I was thinking about how slowly I grew up and how being way behind my peers in maturity caused certain kinds of change to be inconceivable. I mean, in high school - right up to my junior year, at least - I still thought it was perfectly acceptable to stalk a guy junior-high-style. Sitting at the park outside his house on weekends, having a picnic. Going to band early to creepily stand around, listening to him practice. Faking a photoshoot for art class just to have an excuse to take a picture of him. And, faced with him, straight out, asking me who I have a crush on? Lying. Lying right to his face, because the concept of telling a boy that I liked him, at the age of sixteen even, was flat-out unimaginable.
This was clearly behind the curve for my age group. Everyone else had already figured out the concept of subtlety, that always having an excuse to be near someone, no matter how valid or proveable the excuse may be, still suggests to that person that something weird is going on, because that person isn't an idiot.
Everyone else had also already figured out that crushes were not the be-all-end-all of life and that it was okay to air them out in the open - that it was a risk worth taking.
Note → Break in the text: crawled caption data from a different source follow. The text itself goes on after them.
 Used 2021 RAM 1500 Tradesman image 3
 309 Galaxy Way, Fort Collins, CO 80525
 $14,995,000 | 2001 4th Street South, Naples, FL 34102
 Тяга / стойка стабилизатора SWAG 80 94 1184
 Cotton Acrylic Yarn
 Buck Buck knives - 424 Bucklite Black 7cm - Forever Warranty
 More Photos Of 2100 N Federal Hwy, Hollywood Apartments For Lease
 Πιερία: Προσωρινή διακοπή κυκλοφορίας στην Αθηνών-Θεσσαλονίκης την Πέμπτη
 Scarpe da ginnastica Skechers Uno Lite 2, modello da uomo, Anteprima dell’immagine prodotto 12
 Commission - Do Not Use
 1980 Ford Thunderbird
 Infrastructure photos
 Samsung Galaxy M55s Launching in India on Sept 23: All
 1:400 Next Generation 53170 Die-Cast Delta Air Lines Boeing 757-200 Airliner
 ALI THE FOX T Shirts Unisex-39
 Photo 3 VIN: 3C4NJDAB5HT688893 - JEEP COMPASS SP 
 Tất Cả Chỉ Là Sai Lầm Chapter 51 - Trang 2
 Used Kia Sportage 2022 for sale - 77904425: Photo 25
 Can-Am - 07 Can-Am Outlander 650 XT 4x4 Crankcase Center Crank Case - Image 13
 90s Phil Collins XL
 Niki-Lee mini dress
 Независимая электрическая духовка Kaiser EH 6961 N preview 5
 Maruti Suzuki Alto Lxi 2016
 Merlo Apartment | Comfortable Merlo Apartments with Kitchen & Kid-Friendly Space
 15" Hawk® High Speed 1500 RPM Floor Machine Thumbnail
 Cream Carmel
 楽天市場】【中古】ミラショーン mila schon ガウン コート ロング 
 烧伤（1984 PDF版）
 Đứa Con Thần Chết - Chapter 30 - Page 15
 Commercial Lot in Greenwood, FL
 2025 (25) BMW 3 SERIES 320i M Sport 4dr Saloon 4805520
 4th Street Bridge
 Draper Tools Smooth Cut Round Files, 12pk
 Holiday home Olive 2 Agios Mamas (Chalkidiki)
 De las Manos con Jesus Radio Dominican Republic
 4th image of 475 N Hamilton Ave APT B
I had not figured this out. I didn't figure it out until college. And as much as I sat around in high school, writing emo entries in my diary 'whyyy doesn't anybody lovvvve me... what can i dooo about it... i've tried eeeverything...' I couldn't change then - couldn't dooo anything about it - because I couldn't see the source of the problem. I had no other viewpoint to compare myself to.
I mean, I was the girl whose application essay for admittance into fucking Reed College was about an experience I had watching people smoke pot and feeling like it was wrong and weird. Reed College! Pot was wrong and weird! It was really dramatic, too, like that Coke can bong had altered my life in an intractable way. I didn't know my audience, obviously.
It's like when I was too old to admit here and was listening to the song 'With a Little Help From My Friends', when the line 'I get high with a little help from my friends' came up. I asked my mom, "Do they mean... drugs?"
"Yeah," she said.
"Wait, the Beatles did drugs??" I gasped.
My mom had to leave the room to keep from openly laughing at me. I was a true graduate of D.A.R.E. I mean, it and all its misinformation totally worked on me. I actually couldn't distinguish between heroin and marijuana for awhile - I would mix it up and call them 'maroin' and 'herijuana'. That's what D.A.R.E. taught; all drugs are equally evil and terrible. And I didn't have the comparative capacity yet to learn to distinguish them myself. Not until I was seventeen.
A few times I tried to write short stories about crime, or life on the street, or abusive parents, even though I had roughly the same understanding of these topics as I did of drugs. I thought they were really deep and hard hitting, that I could write from any point of view I chose and understand everything about it. It took until college to realize that fallacy.
But I couldn't know that I needed to be more educated until I was actually more educated enough to know that. Or until my brain had grown enough to encompass that. Either way.